Bei Tier 1-Anleihen handelt es sich um nachrangige Schuldverschreibungen von Banken, die dem Eigenkapital der Kreditinstitute zugerechnet werden und allen anderen Verbindlichkeiten der emittierenden Bank nachgeordnet sind. Wird die Bank zahlungsunfähig, werden zunächst die Ansprüche aller anderen Gläubiger befriedigt, die Inhaber von Tier 1-Anleihen werden als Letzte vor den Aktionären berücksichtigt. Mit der Ausgabe nachrangiger Anleihen können die Banken Eigenkapital - aufgeteilt nach Kernkapital (Tier 1) und Ergänzungskapital (Tier 2) - bilden. Der Begriff „Tier 1“ und „Tier 2“ kommt aus dem Englischen („tier“: Rang, Stufe) und steht dort für Kern- bzw. Ergänzungskapital.
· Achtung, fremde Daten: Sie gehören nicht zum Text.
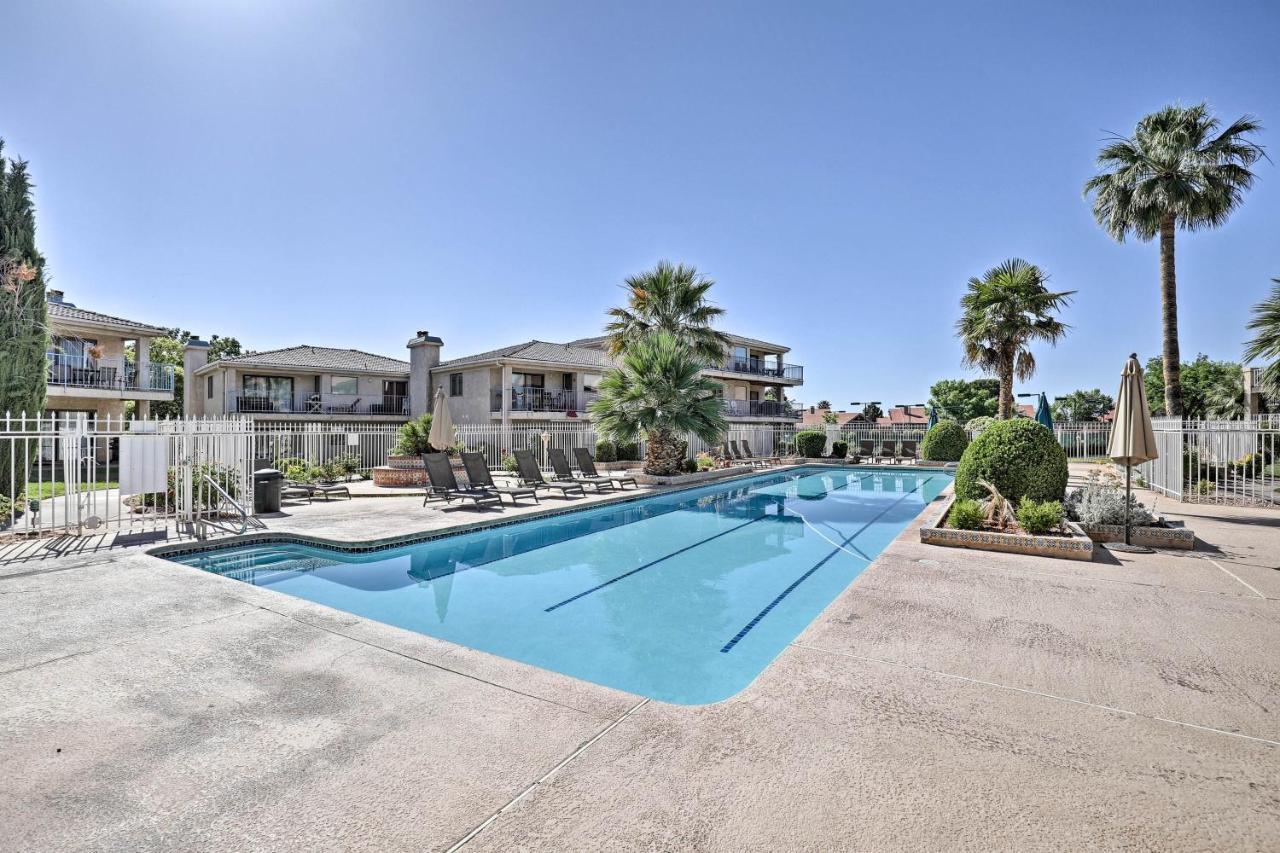 Lovely St George Condo With Resort-Style Amenities! St. George Eksteriør billede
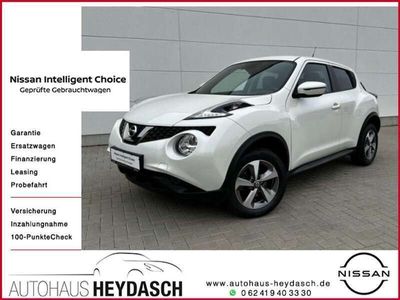 gebraucht Nissan Juke N-Connecta *AUTOMATIK**Navi*1.HAND*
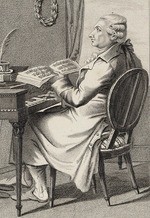 Rados, Luigi - Portrait of the composer Antonio Sacchini (1730-1786)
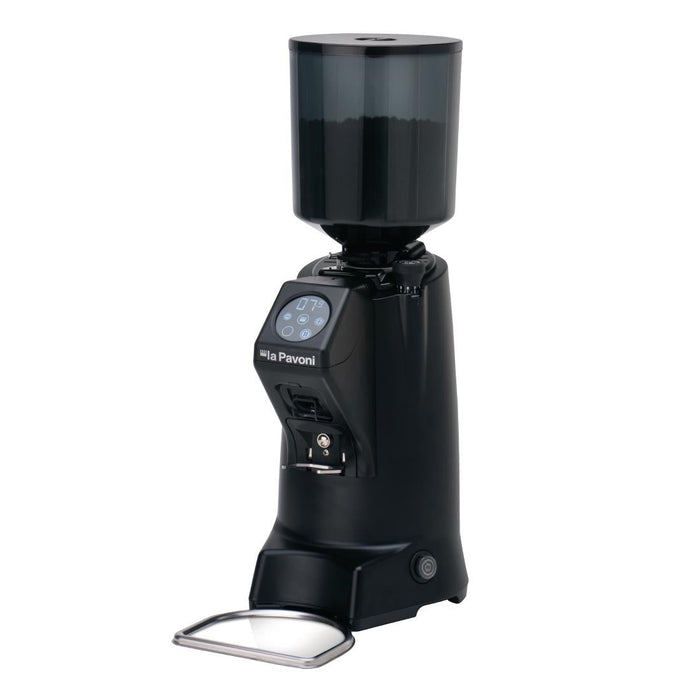 La Pavoni PGZIP2BN00UK Automatic Coffee Grinder Black La Pavoni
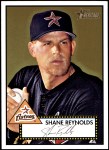 2001 Topps Heritage #73 RED Shane Reynolds   Front Thumbnail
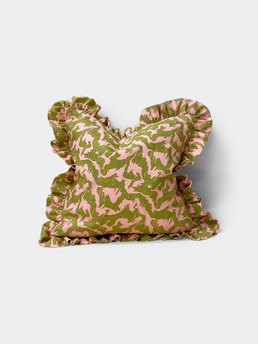 KJP Gilbert Pillow Cover Olive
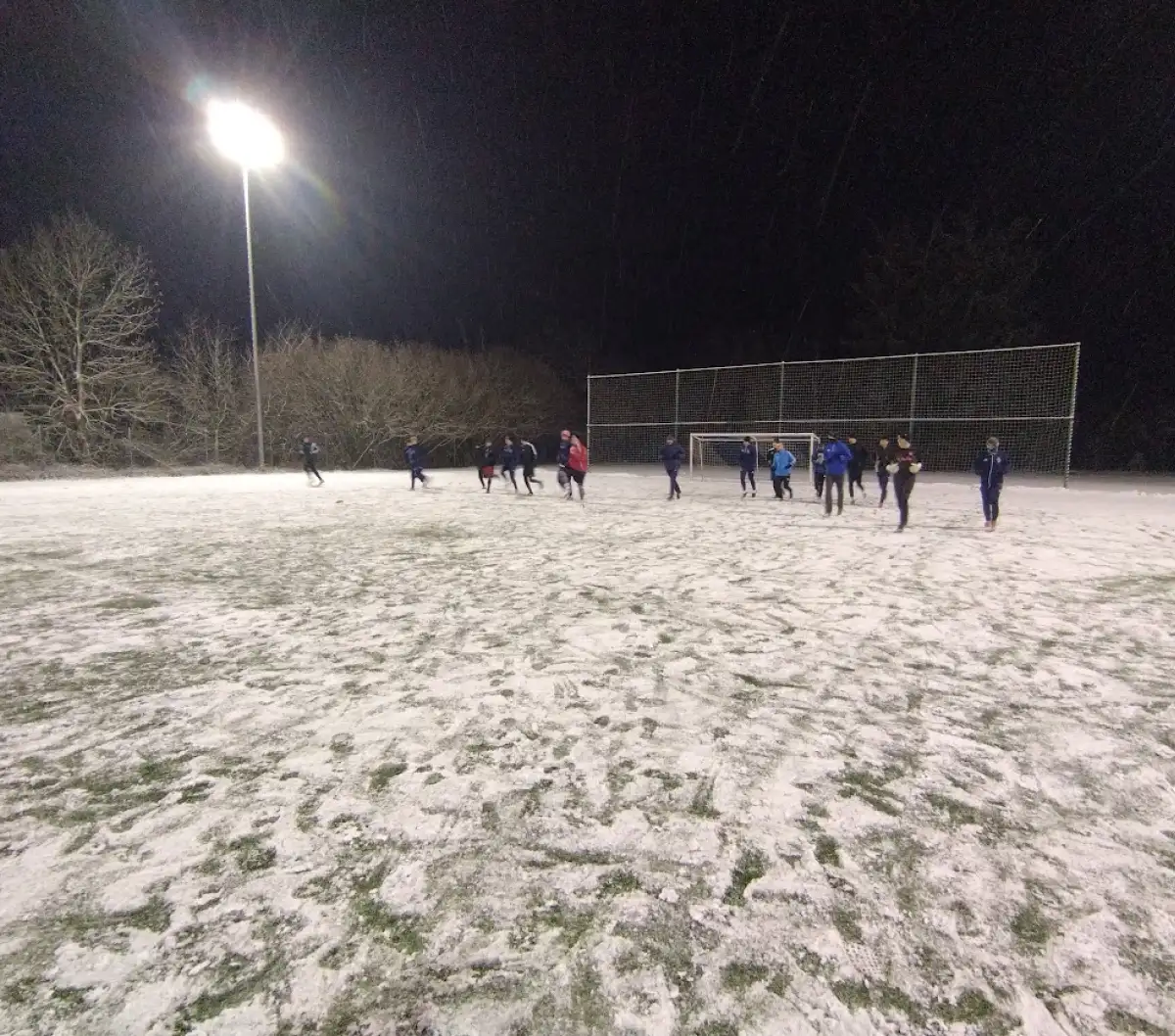 Zimní příprava v plném proudu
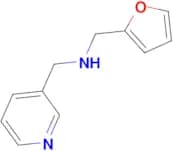 Furan-2-ylmethyl-pyridin-3-ylmethyl-amine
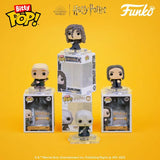 Blister 4 Figuras Bitty Pop Harry Potter Voldemort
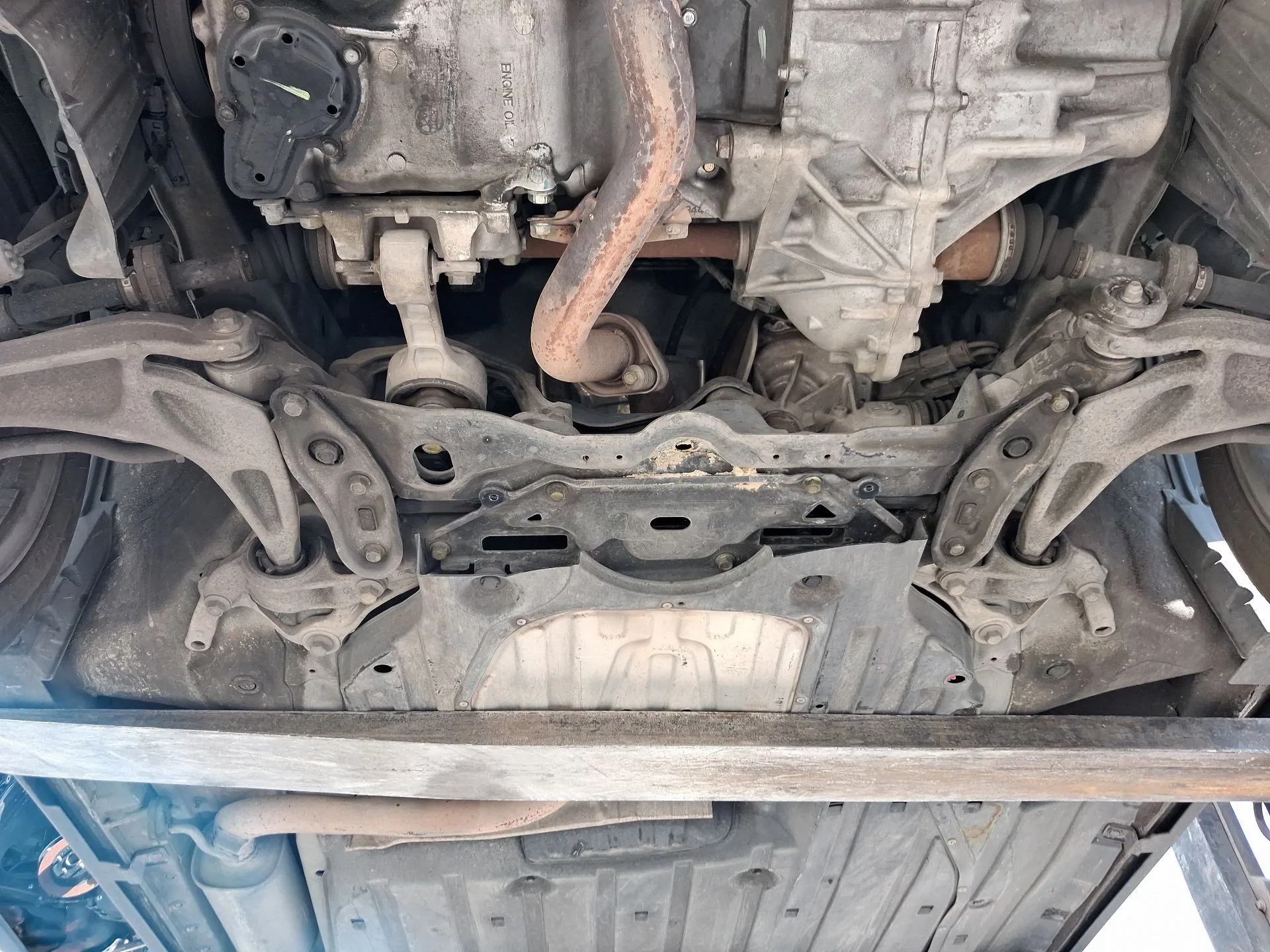 Puente Delantero para Honda Civic Viii Hatchback (Fn, Fk)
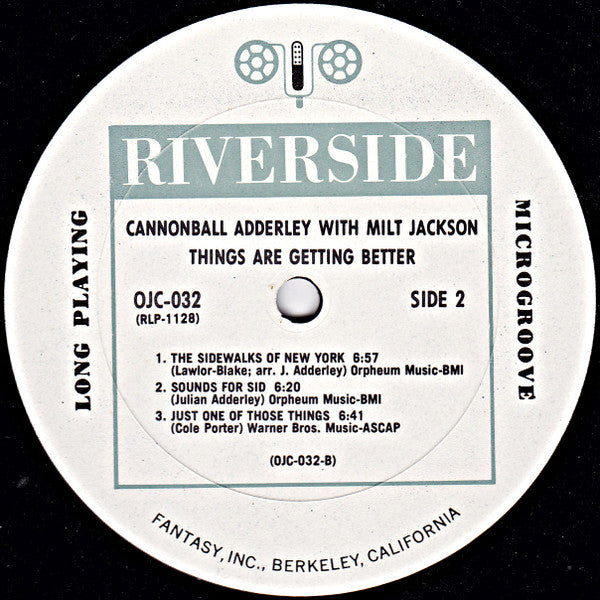 Things Are Getting Better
Anleger erhalten für Tier 1-Anleihen eine Verzinsung, die in der Regel über dem Zins von beispielsweise Staatsanleihen liegt.
Banken haben diese Tier 1-Anleihen vielfach genutzt, um ihr Eigenkapital aufzustocken und die Rentabilität des Eigenkapitals zu erhöhen.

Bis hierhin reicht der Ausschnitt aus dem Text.